Westfield, Massachusetts, October 26, 2016: Western New England Bancorp, Inc. (the “Company” or “WNEB”) (NasdaqGS:WNEB), the holding company for Westfield Bank (the “Bank”), reported net income of $628,000, or $0.04 per basic and diluted share, for the quarter ended September 30, 2016, compared to $1.6 million, or $0.09 per basic and diluted share, for the quarter ended September 30, 2015. For the nine months ended September 30, 2016, net income was $3.0 million, or $0.17 per basic and diluted share, compared to $4.3 million, or $0.25 per basic and diluted share, for the same period in 2015.

 

The three and nine months ended September 30, 2016 were impacted by non-recurring expenses of $830,000 and $1.9 million, respectively, related to our merger with Chicopee Bancorp, Inc. (“Chicopee”), which closed on October 21, 2016. Excluding these non-recurring expenses, net income before income taxes for the quarter and nine months ended September 30, 2016 was $1.9 million and $6.4 million, respectively, compared to $2.3 million and $5.9 million, respectively, for the comparable periods in 2015.

 

Selected financial highlights include:

 

  • Total loans increased $41.4 million, or 4.6%, during the third quarter of 2016. This was due to increases in residential loans of $20.9 million, commercial real estate loans of $19.0 million and commercial and industrial loans of $1.2 million.

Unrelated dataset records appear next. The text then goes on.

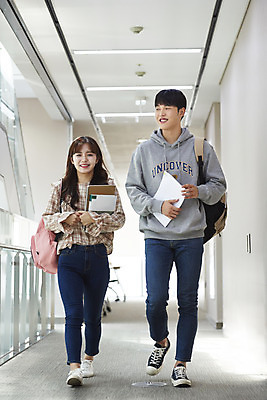 포토 JPG 전신 여자 교육 남자 대학생 가방 대학생라이프 실내 미소 들기 사람 20대 청년 성인 두명 앞모습 책 청춘 걷기 공책 한국인 복도 대학교 파일 쉬는시간 성인만 국내포토 학생 라이프스타일 잡화 뷰포인트 컨셉 학교 모션 휴식 문구용품 표정 동양인 내부 파일형식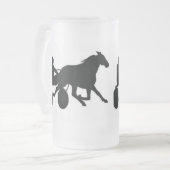 速歩馬によって曇らされるマグ フロストグラスビールジョッキ (正面左)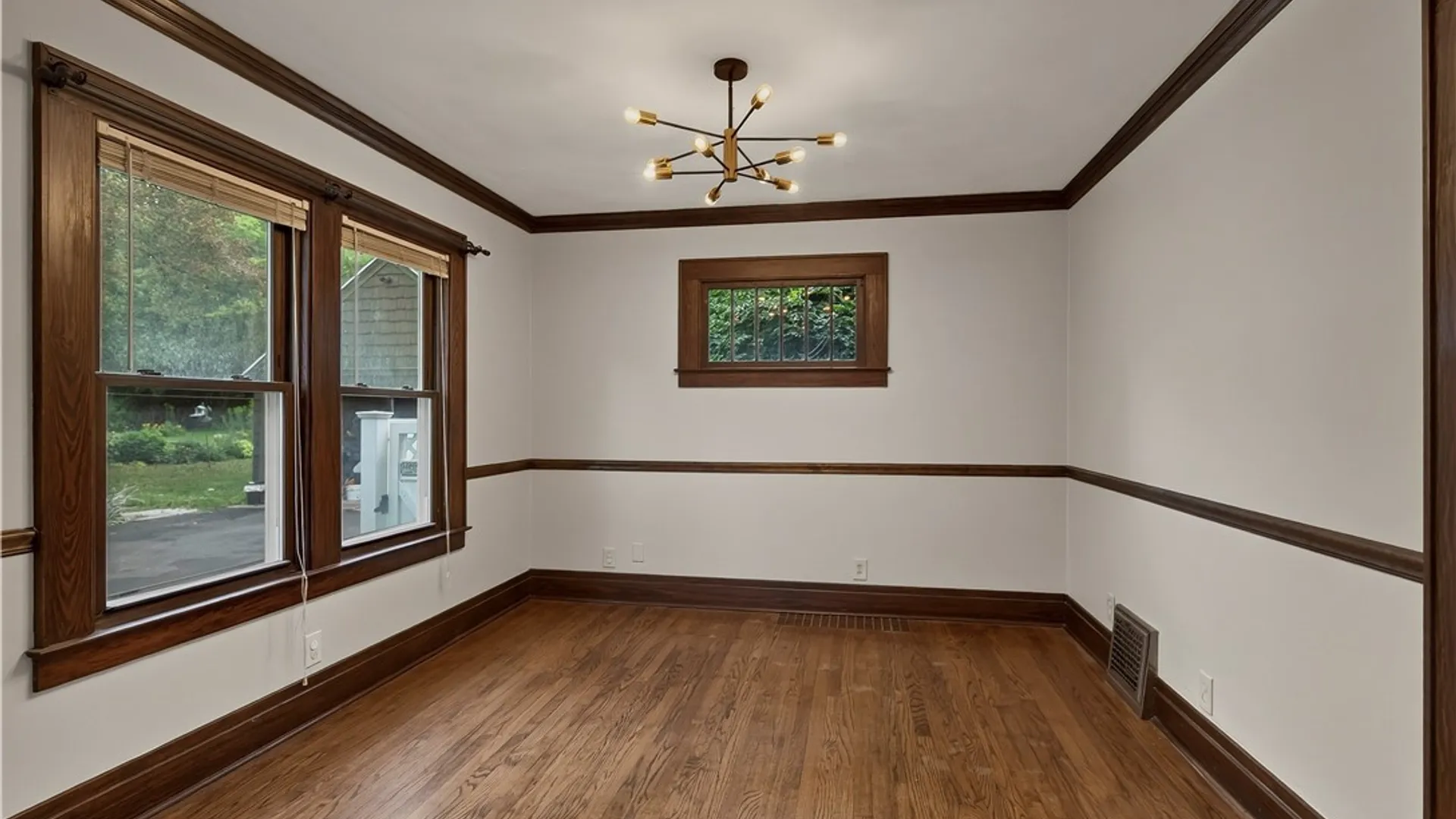 Property at 111 Charing Road, DeWitt, NY 13214 23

  • Total deposits increased $41.7 million, or 4.5%, to $962.6 million at September 30, 2016, compared to $920.9 million at June 30, 2016. The deposit mix was favorably impacted as well, as the growth was primarily due to increases in checking accounts of $31.7 million and money market accounts of $20.8 million. Included in the checking account growth for the third quarter 2016 is $11.5 million that is temporarily on deposit and will be used for other business purposes in the fourth quarter 2016. These increases were offset partially by decreases in term deposits of $7.1 million and regular savings accounts of $3.7 million. During the third quarter of 2016, brokered and listing service deposits decreased $15.2 million.

  • Securities decreased $148.1 million, or 32.5%, to $307.8 million at September 30, 2016, compared to $455.9 million at September 30, 2015. The decrease in securities was primarily driven by sales of securities, with the proceeds used to fund loan growth and pay down Federal Home Loan Bank (“FHLB”) borrowings, both strategic initiatives to improve the balance sheet mix. On a sequential-quarter basis, securities were flat at $307.8 million at September 30, 2016.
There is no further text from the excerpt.